Frances and Mary Rowell - JEB WALLACE-BRODEUR
  • Jeb Wallace-brodeur
  • Frances and Mary Rowell

Trying to phone Frances and Mary Rowell, the musician-sisters who form the core of Craftsbury Chamber Players, is a revealing process. There is no cell coverage at Mary's Craftsbury house, where Fran, the cellist, is staying for the summer. Fran emails that she can drive down the road to the home of their father, Morris Rowell, 83, who has a working landline. Meanwhile, Mary, the violinist, is driving back from a gig in the Northeast Kingdom. She knows a spot with cell coverage an hour up the road, she manages to convey through crackling static.

Given the remoteness of the Rowells' location, it's something of a marvel that one of Vermont's premier chamber-music festivals comes together there every summer. Musicians come from around the country and the globe to stay at Morris' seven-bedroom house — where he cooks their dinners — and play six Wednesday concerts at the University of Vermont Recital Hall in Burlington. They repeat each program on Thursdays at the Hardwick Town House, and offer free afternoon mini concerts for children in both locations.

While some Vermont festivals — such as the Marlboro Music Festival — offer musicians marketing and renown, the Craftsbury Chamber Players have a different draw: friendship.

"The purpose of this group is people," declares Fran of the festival cofounded 50 years ago by the Rowell sisters' stepmother, pianist Mary Anthony Cox. "People who love to play together, people who love to come hear music. It's this network of music lovers that makes [the festival] viable."

That has remained a constant through the Players' recent changing of the guard. Cox retired from running the festival last year, at the age of 82. Fran, 55, is now music director — though she consulted with Cox on this year's programming in minute detail.

The new executive director is Northeast Kingdom native Hal Parker of Glover. Trained in choral singing, he recently returned to the area after a 20-year international career in conflict mediation.

"It's sort of a family business," Parker says of the festival, adding that he "vividly" remembers attending his first Players concert in 1972. "This is a generational shift."

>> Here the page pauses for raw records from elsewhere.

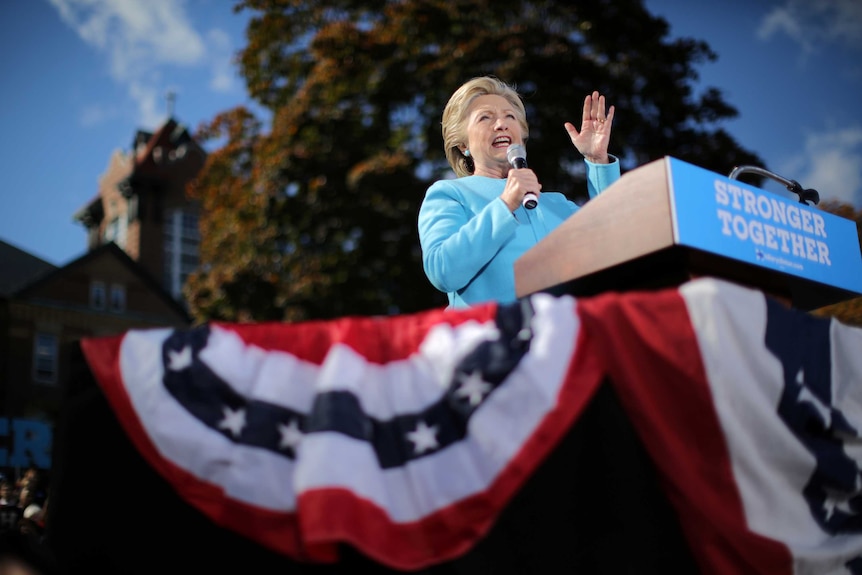 Hillary Clinton New Hampshire rally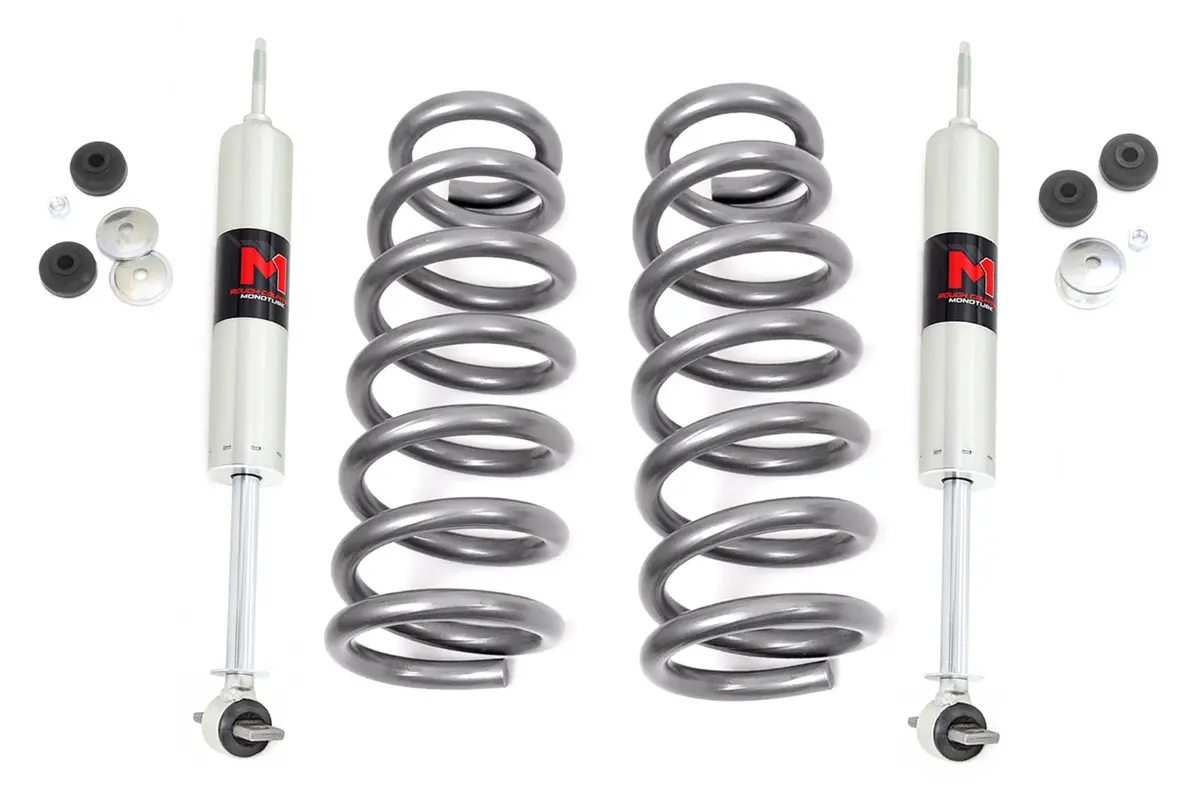 2 Inch Leveling Kit - M1 Shocks - Ram 1500 2Wd (2009-2018 & Classic) 1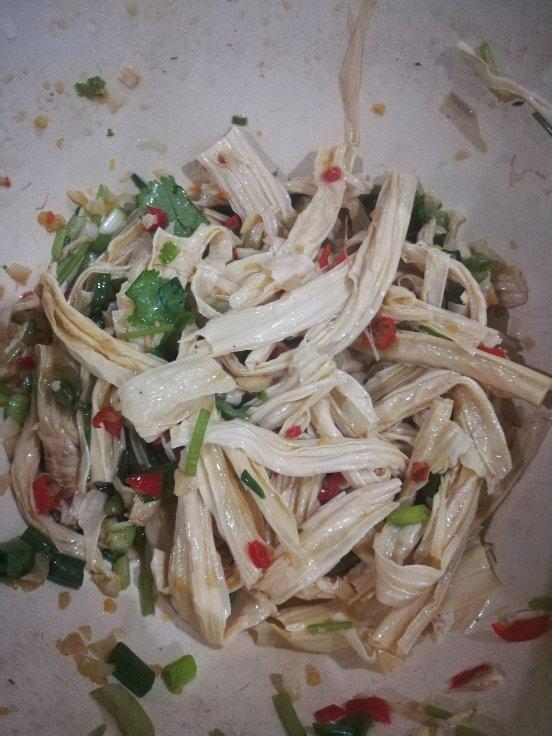 凉拌豆笋/腐竹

The Players were founded when summer residents of Caspian Lake invited Ann Rylands, a Juilliard-trained violinist, to start a chamber fest in the area. Rylands brought along her sister, cellist Mary Lou Rylands, and pianists Allan Birney and Cox. The group gave their first concert in 1965 in the Sterling College dining hall to an audience of 35, according to Fran.

At the time, the Rowell sisters were 5 and 6 years old. Their mother, Carol, a pianist who had introduced her daughters to music, was "beside herself" that professional musicians had arrived in the area, Fran recalls. For the girls, the concerts were a revelation. "It was the first time we saw real people — not on TV — play this music. They were attractive and funny; they'd laugh."

By the time the girls' mother died in 1973, Cox had become a mentor to both sisters, hosting them in her New York City apartment during their weekly visits to study at Juilliard, where both later earned bachelor's and master's degrees. Cox, who taught for nearly five decades at Juilliard, eventually married Morris.

Mary has played with the Players every year since 1979, Fran since 2005. Meanwhile, both have pursued ever-expanding careers. Fran, a detail-oriented person with an efficient haircut and a ready business card, lives in New Jersey, where she plays with the symphony orchestra and teaches at Montclair State University.

Fran has a special interest in bringing children to music. At a concert at the Pierson Library in Shelburne this spring, she and Mary played the theme from the Harry Potter movies to a group of riveted elementary schoolers and shushed toddlers. Next up was a work Fran wrote to accompany a reading of the children's book The Fiddler of the Northern Lights, by Vermont author (and the sisters' cousin) Natalie Kinsey-Warnock.

Fran comments that "from the very beginning [of the Players], there was this sense that you gotta get the kids — you needed to give them access to this." Instead of using the afternoon concerts to introduce music written for children, such as Saint-Saëns' "The Carnival of the Animals," the Players simply preview that night's program. "They get it," Fran declares. "They're closer to nonverbal communication than adults are."

Mary, meanwhile, has maintained a New York City-based career as a genre-bending violinist — a role that goes well with her six-foot stature and unruly mass of blond corkscrew curls. She has played violin on two albums of Nonesuch Records' Tango Project; cofounded the "post-classical" chamber group ETHEL (which she left in 2011 for health reasons); and joined composer Eve Beglarian to form BRIM, a duo in which she plays electric violin. With Beglarian, Mary recently bought a house in Brandon to reduce travel time to New York and to Middlebury College, where she is an affiliate artist.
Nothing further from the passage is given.